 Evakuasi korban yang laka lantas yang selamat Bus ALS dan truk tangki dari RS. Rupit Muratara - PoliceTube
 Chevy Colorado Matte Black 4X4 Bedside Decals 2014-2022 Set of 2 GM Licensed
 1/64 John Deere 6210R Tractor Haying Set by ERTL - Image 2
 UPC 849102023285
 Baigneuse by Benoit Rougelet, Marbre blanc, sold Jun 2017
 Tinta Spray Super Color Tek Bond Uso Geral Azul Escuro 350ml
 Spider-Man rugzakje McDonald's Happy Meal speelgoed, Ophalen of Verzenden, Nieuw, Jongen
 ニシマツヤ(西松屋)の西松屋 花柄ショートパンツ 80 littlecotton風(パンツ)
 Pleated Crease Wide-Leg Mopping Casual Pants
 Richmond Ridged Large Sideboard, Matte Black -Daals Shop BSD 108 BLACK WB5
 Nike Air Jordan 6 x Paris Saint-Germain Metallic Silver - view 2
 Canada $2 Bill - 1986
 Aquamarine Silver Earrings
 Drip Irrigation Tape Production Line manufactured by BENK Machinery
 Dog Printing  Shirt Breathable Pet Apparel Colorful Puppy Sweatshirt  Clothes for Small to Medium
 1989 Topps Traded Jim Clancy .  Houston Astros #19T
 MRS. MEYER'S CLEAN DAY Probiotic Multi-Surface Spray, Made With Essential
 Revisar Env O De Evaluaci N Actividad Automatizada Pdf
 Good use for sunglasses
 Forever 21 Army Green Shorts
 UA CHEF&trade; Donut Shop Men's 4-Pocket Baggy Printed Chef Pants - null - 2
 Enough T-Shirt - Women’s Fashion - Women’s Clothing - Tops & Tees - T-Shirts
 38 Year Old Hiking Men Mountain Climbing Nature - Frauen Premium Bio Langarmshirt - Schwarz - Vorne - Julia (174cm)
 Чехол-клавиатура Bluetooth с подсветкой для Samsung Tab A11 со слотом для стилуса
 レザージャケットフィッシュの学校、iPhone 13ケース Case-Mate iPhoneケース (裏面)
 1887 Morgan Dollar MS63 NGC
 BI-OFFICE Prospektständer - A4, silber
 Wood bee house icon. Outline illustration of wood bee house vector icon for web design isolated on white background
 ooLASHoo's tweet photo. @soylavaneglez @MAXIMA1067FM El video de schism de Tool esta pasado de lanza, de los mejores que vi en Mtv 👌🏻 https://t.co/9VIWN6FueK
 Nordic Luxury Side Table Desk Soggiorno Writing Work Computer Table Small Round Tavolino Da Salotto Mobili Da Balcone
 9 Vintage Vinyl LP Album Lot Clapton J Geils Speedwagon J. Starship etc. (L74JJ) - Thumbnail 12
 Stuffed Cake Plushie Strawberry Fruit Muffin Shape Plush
────────
Beginning at the line with "1/64 John Deere" and stopping after the line with "38 Year Old", please write out every line of the data above exactly and nothing else.

ANSWER BOX
 1/64 John Deere 6210R Tractor Haying Set by ERTL - Image 2
 UPC 849102023285
 Baigneuse by Benoit Rougelet, Marbre blanc, sold Jun 2017
 Tinta Spray Super Color Tek Bond Uso Geral Azul Escuro 350ml
 Spider-Man rugzakje McDonald's Happy Meal speelgoed, Ophalen of Verzenden, Nieuw, Jongen
 ニシマツヤ(西松屋)の西松屋 花柄ショートパンツ 80 littlecotton風(パンツ)
 Pleated Crease Wide-Leg Mopping Casual Pants
 Richmond Ridged Large Sideboard, Matte Black -Daals Shop BSD 108 BLACK WB5
 Nike Air Jordan 6 x Paris Saint-Germain Metallic Silver - view 2
 Canada $2 Bill - 1986
 Aquamarine Silver Earrings
 Drip Irrigation Tape Production Line manufactured by BENK Machinery
 Dog Printing  Shirt Breathable Pet Apparel Colorful Puppy Sweatshirt  Clothes for Small to Medium
 1989 Topps Traded Jim Clancy .  Houston Astros #19T
 MRS. MEYER'S CLEAN DAY Probiotic Multi-Surface Spray, Made With Essential
 Revisar Env O De Evaluaci N Actividad Automatizada Pdf
 Good use for sunglasses
 Forever 21 Army Green Shorts
 UA CHEF&trade; Donut Shop Men's 4-Pocket Baggy Printed Chef Pants - null - 2
 Enough T-Shirt - Women’s Fashion - Women’s Clothing - Tops & Tees - T-Shirts
 38 Year Old Hiking Men Mountain Climbing Nature - Frauen Premium Bio Langarmshirt - Schwarz - Vorne - Julia (174cm)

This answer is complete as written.